The critically acclaimed PBS documentary series Asian Americans was premiered a year ago on PBS. It
 is a production of WETA Washington, DC and the Center for Asian American Media (CAAM) for PBS

“Being selected for a Peabody Award is a tremendous honor for CAAM and an acknowledgement of our four decades of work to bring Asian American stories to the broadest possible audience,” says CAAM Director of Programs Donald Young, who is also one of the executive producers of Asian Americans

“Respected for its integrity and revered for its standards of excellence, the Peabody Awards elevate stories that defend the public interest, encourage empathy with others, and teach us to expand our understanding of the world around us--all goals that we here at CAAM value,” he said.

The expansive five-part series chronicles over 250 years of Asian American experiences, which are deeply intertwined with United States history at large. 

“One thing that’s really important about the team that came together to make Asian Americans is that everyone has a long track record of being invested in the Asian American story. And we could locate our own family stories in the series. We figured out that Don’s family has been here the longest, back to the early Chinese migration in the 1800s,” says Tajima-Peña. “My grandparents came in the early 1900s—sugar cane workers, picture brides, all of whom had no pathway to citizenship for 50 years in America. Jean Tsien, Grace Lee and Geeta Gandbhir could trace their families’ arrivals to the 1965 immigration reforms. S. Leo Chiang was a parachute kid.

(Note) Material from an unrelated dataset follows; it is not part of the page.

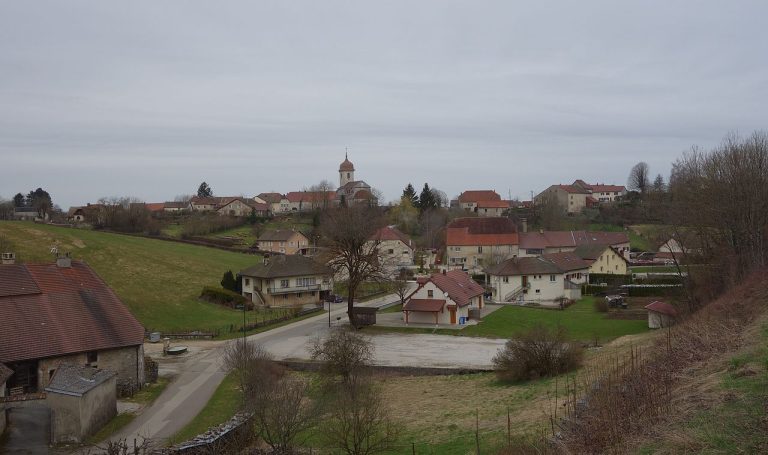Vue de Montrond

Duc Nguyen, one of our archivists, arrived as a refugee from Vietnam.”

Asian Americans is one of the 30 works cited this year. The Peabody 30 are the best of over 1,300 entries submitted from television, podcasts/radio and the web in entertainment, news, documentary, arts, children’s/youth, public service and multimedia programming.
For the complete list of Peabody awardees, click here.
Asian Americans, narrated by Daniel Dae Kim and Tamlyn Tomita, chronicles the role of Asian Americans who did the most dangerous work of tunneling through the Sierras to build the Transcontinental Railroad, petitioned the Supreme Court to grant birthright citizenship, and challenged racial school segregation. And this history continued through the 20th century and into the 21st century. 

“Asian Americans continued to fight for justice in the courts, at the ballot box, in the streets, the fields, on campuses and in the culture. We’re fighting today. That’s the story we wanted to tell.”